__Your assignment__.
Transcribe the records that follow. Keep every word exactly, and drop the pictures.

__Material shown__.
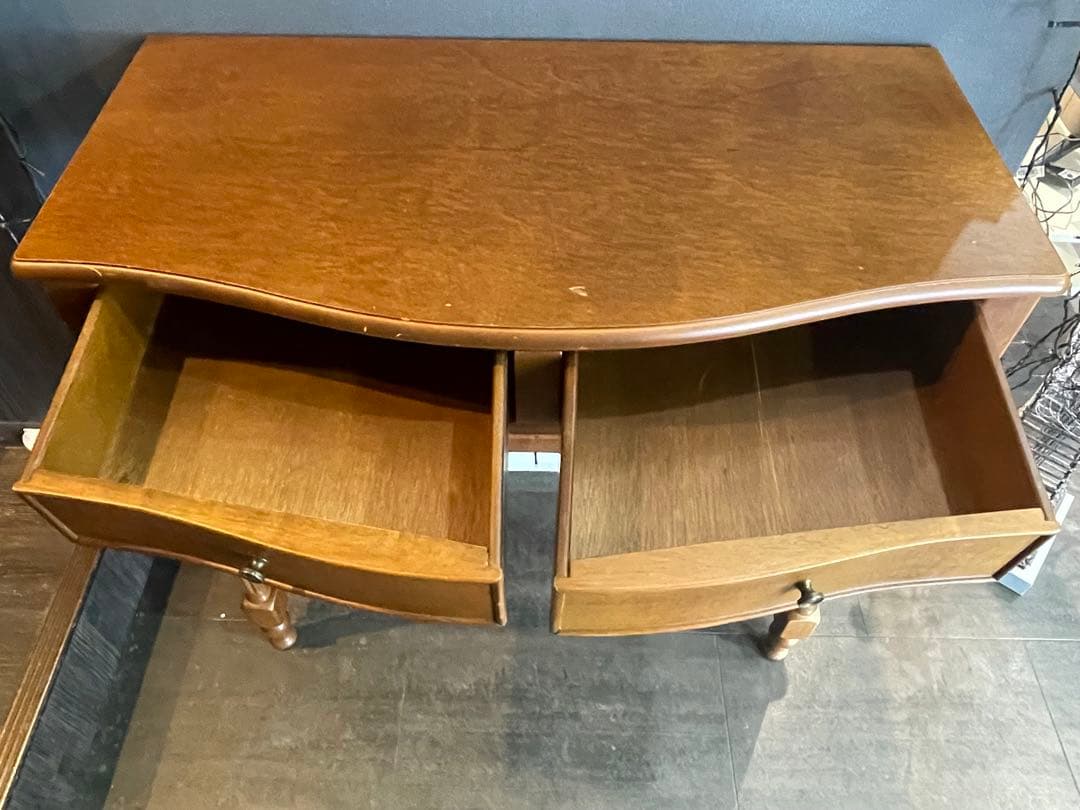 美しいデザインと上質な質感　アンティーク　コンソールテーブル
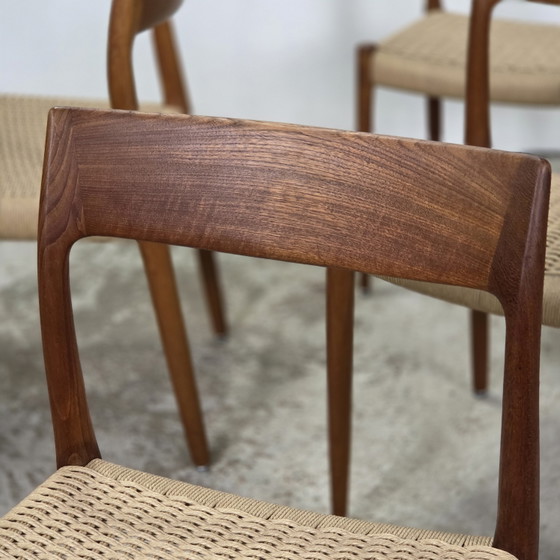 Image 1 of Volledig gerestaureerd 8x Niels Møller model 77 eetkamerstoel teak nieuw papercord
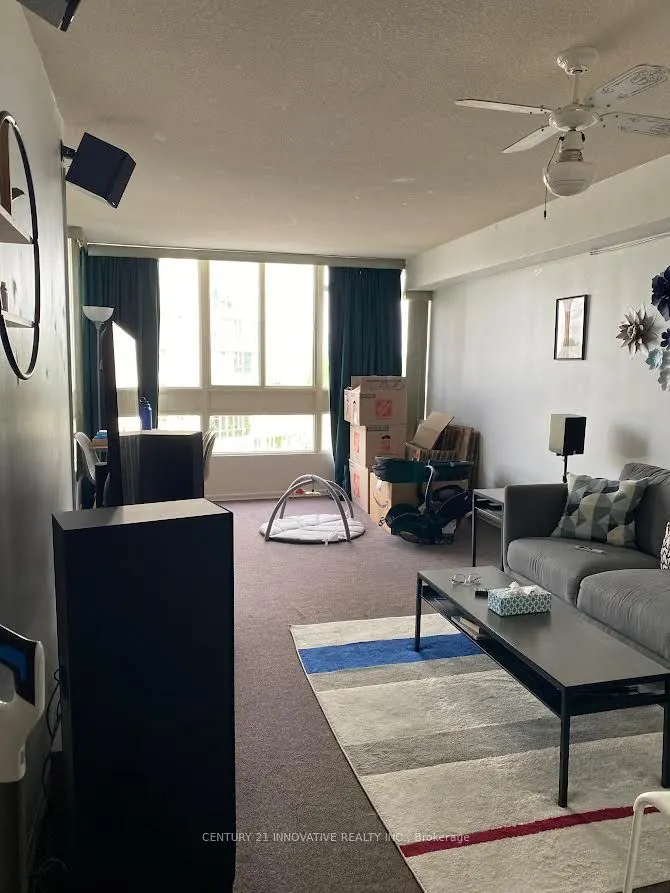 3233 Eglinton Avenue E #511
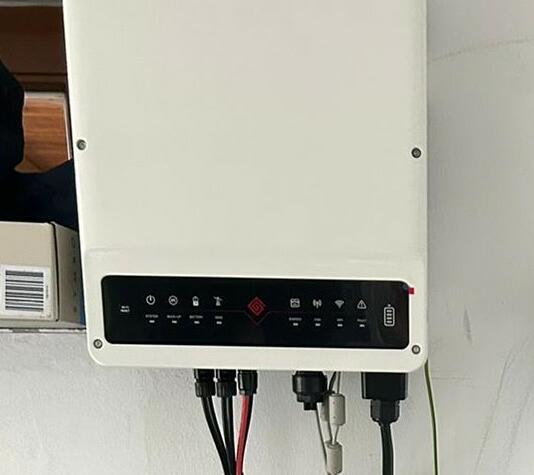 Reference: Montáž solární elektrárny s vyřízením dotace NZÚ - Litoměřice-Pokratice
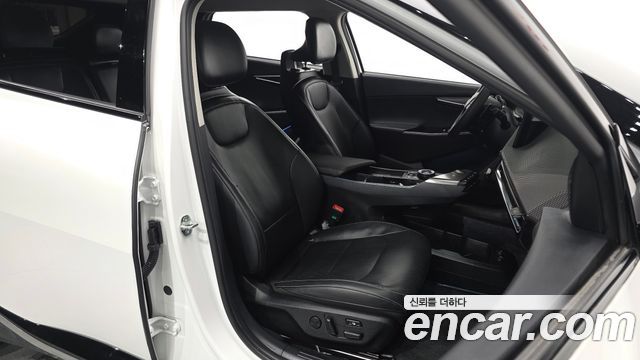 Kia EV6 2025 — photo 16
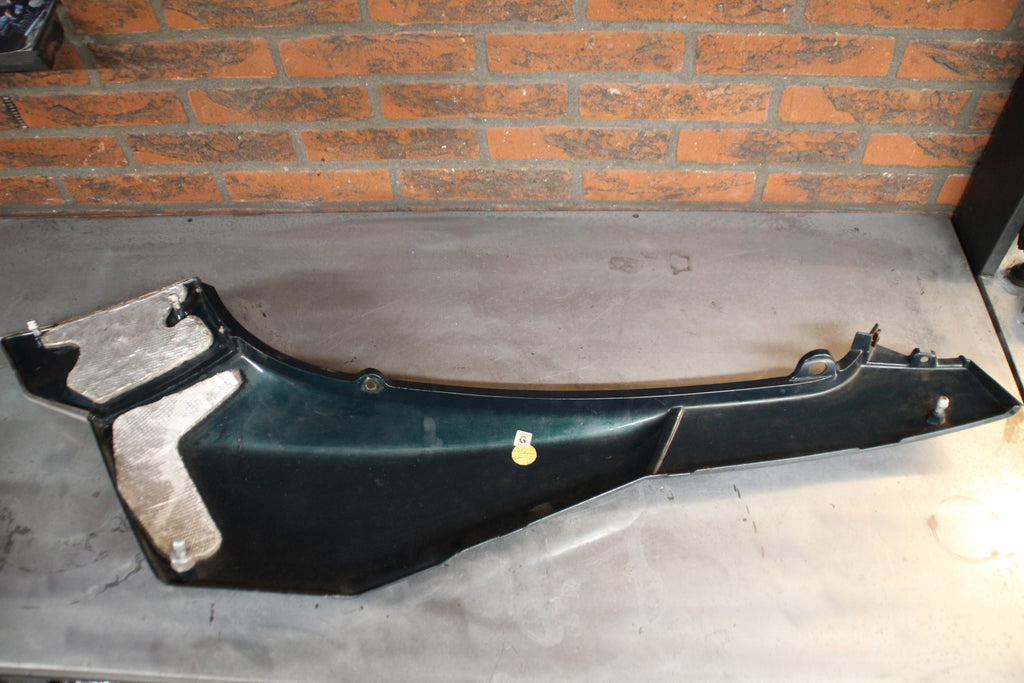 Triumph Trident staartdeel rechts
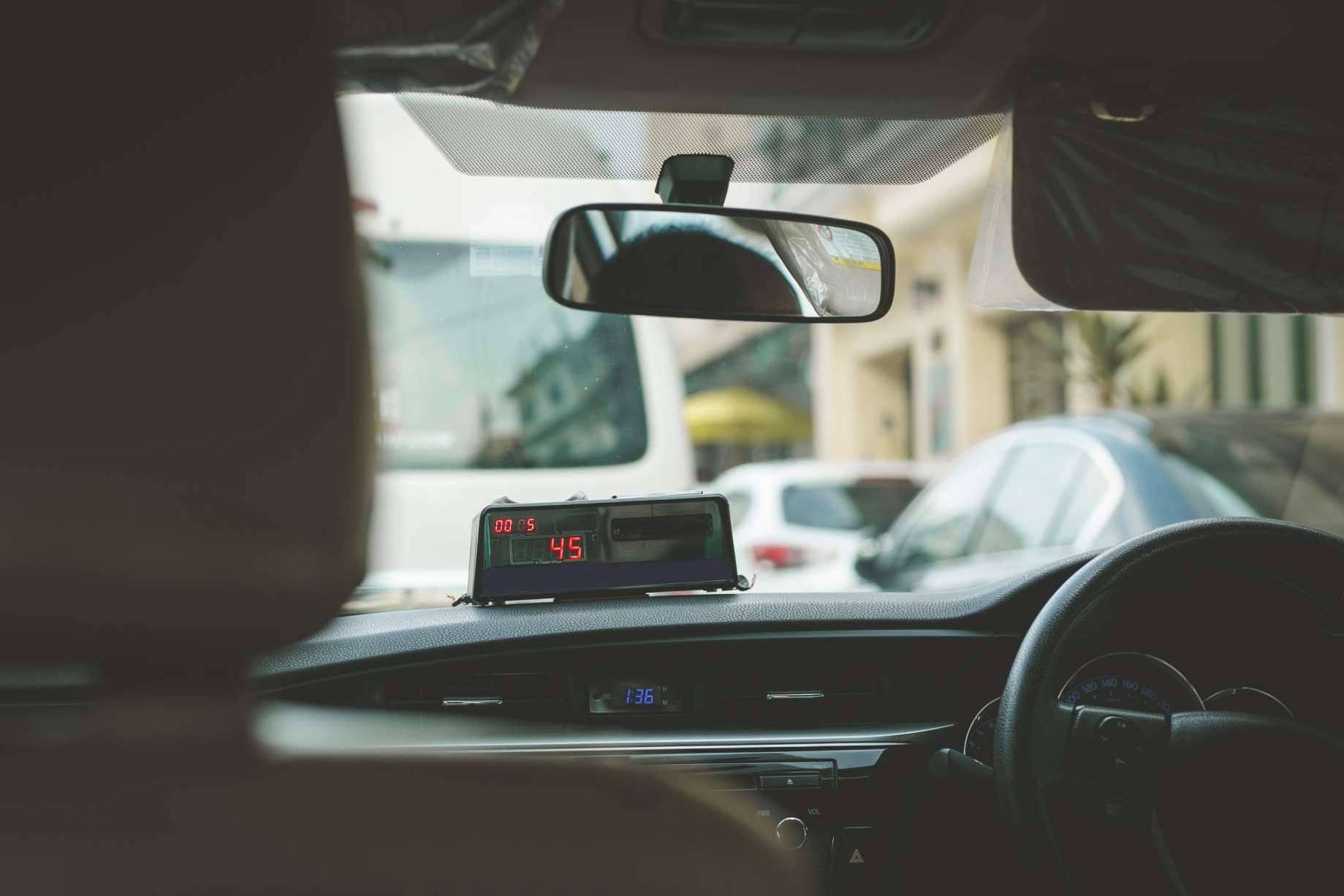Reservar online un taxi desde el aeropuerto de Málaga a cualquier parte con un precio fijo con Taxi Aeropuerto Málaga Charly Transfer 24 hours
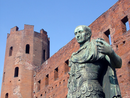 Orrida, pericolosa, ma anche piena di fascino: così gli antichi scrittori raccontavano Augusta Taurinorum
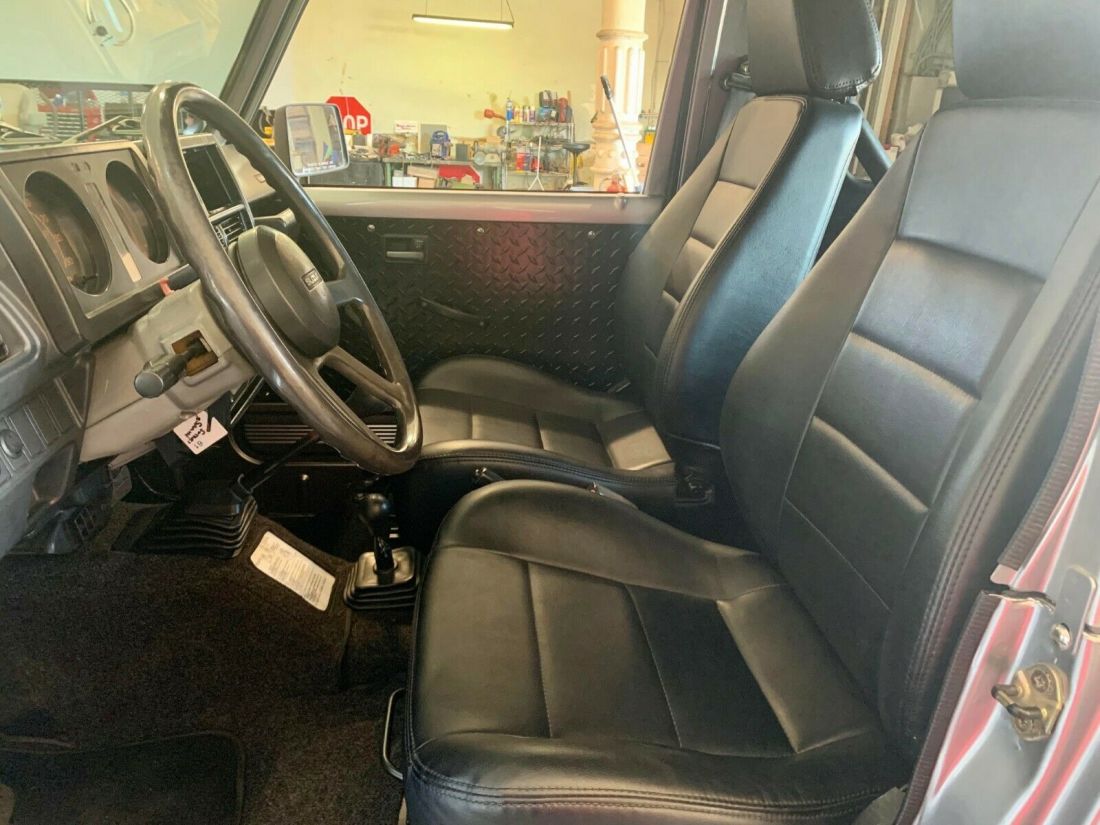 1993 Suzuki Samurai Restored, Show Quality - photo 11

__Task solution__.
 美しいデザインと上質な質感　アンティーク　コンソールテーブル
 Image 1 of Volledig gerestaureerd 8x Niels Møller model 77 eetkamerstoel teak nieuw papercord
 3233 Eglinton Avenue E #511
 Reference: Montáž solární elektrárny s vyřízením dotace NZÚ - Litoměřice-Pokratice
 Kia EV6 2025 — photo 16
 Triumph Trident staartdeel rechts
Reservar online un taxi desde el aeropuerto de Málaga a cualquier parte con un precio fijo con Taxi Aeropuerto Málaga Charly Transfer 24 hours
 Orrida, pericolosa, ma anche piena di fascino: così gli antichi scrittori raccontavano Augusta Taurinorum
 1993 Suzuki Samurai Restored, Show Quality - photo 11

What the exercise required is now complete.